## Available data
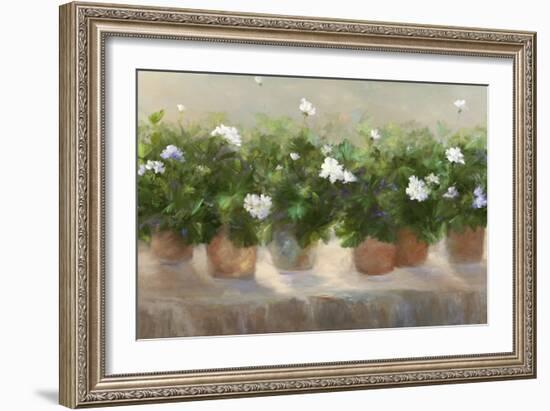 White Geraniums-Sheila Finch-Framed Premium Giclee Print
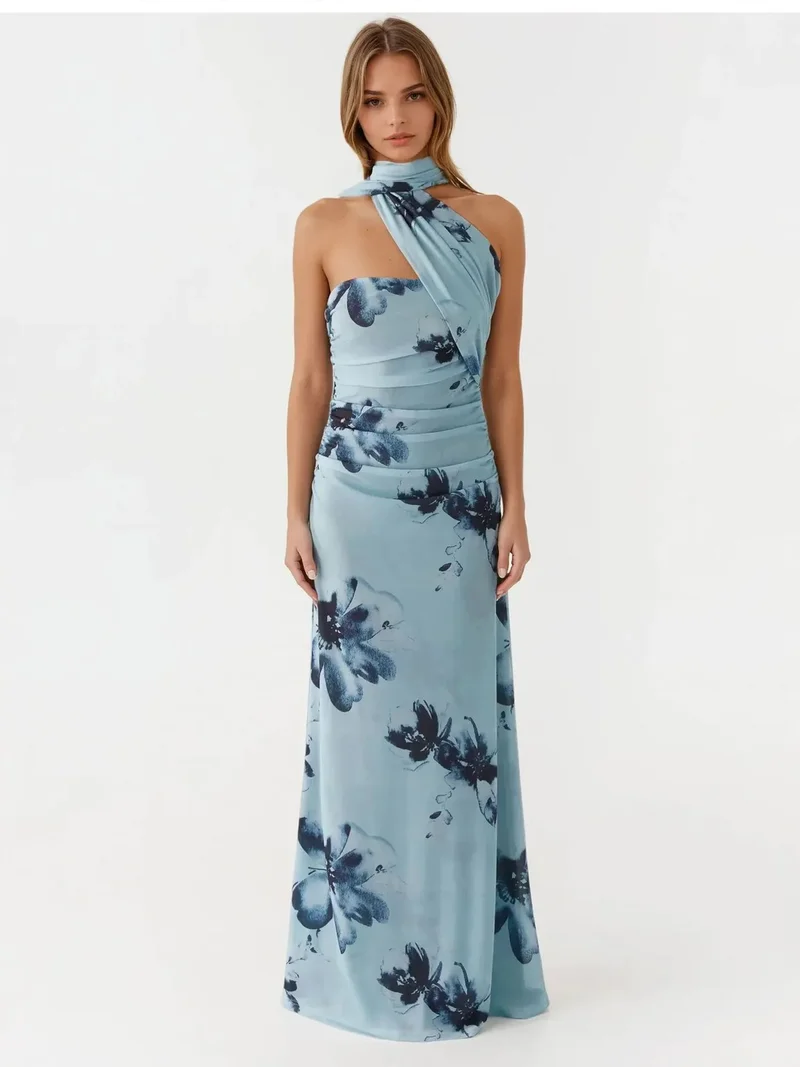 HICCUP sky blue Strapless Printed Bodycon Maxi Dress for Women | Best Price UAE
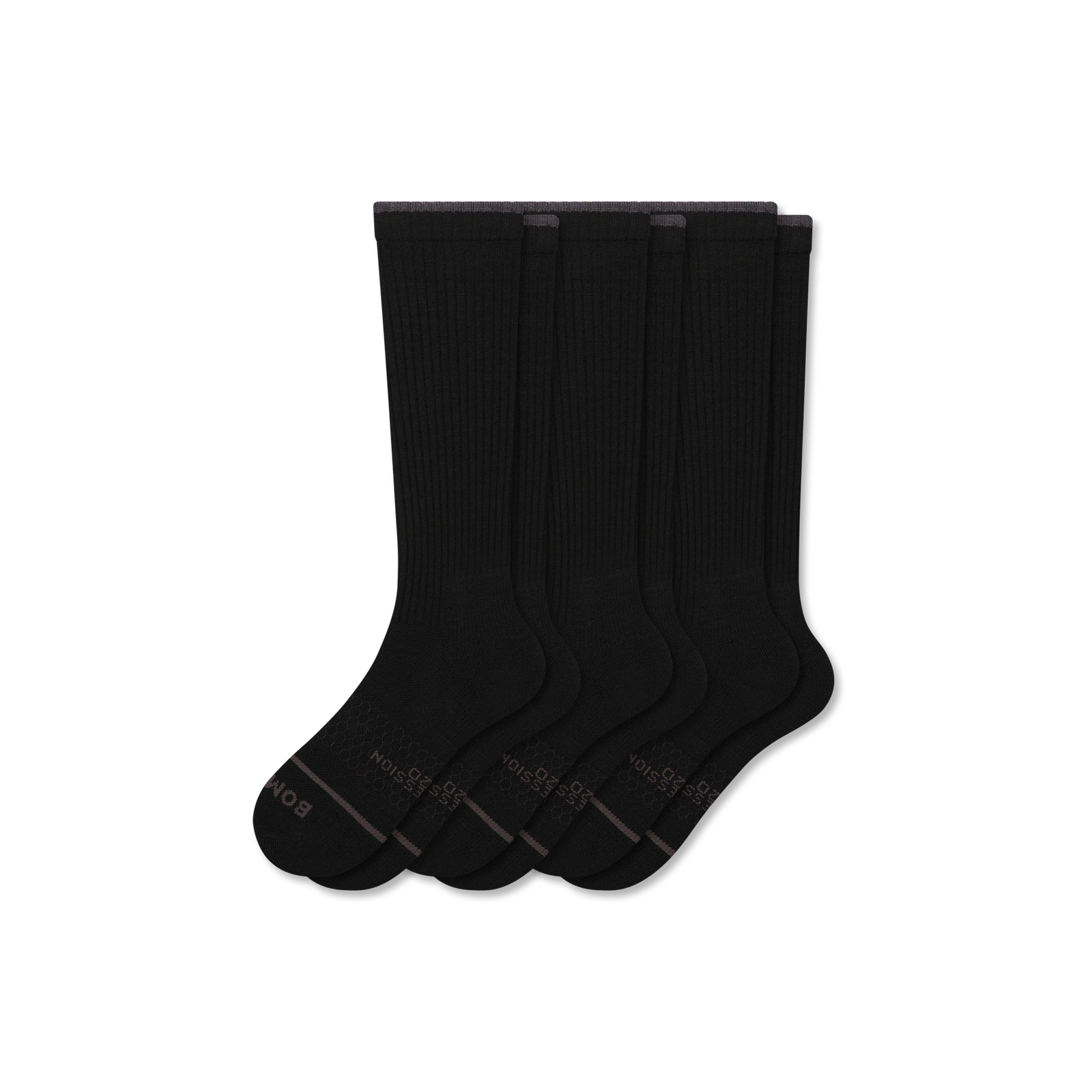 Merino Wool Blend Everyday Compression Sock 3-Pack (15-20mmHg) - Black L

## Assigned task
Leave the pictures aside and print exactly, and only, the lines from the one with "HICCUP sky blue" through the end of the data, both included.

## Solution for this exercise
 HICCUP sky blue Strapless Printed Bodycon Maxi Dress for Women | Best Price UAE
 Merino Wool Blend Everyday Compression Sock 3-Pack (15-20mmHg) - Black L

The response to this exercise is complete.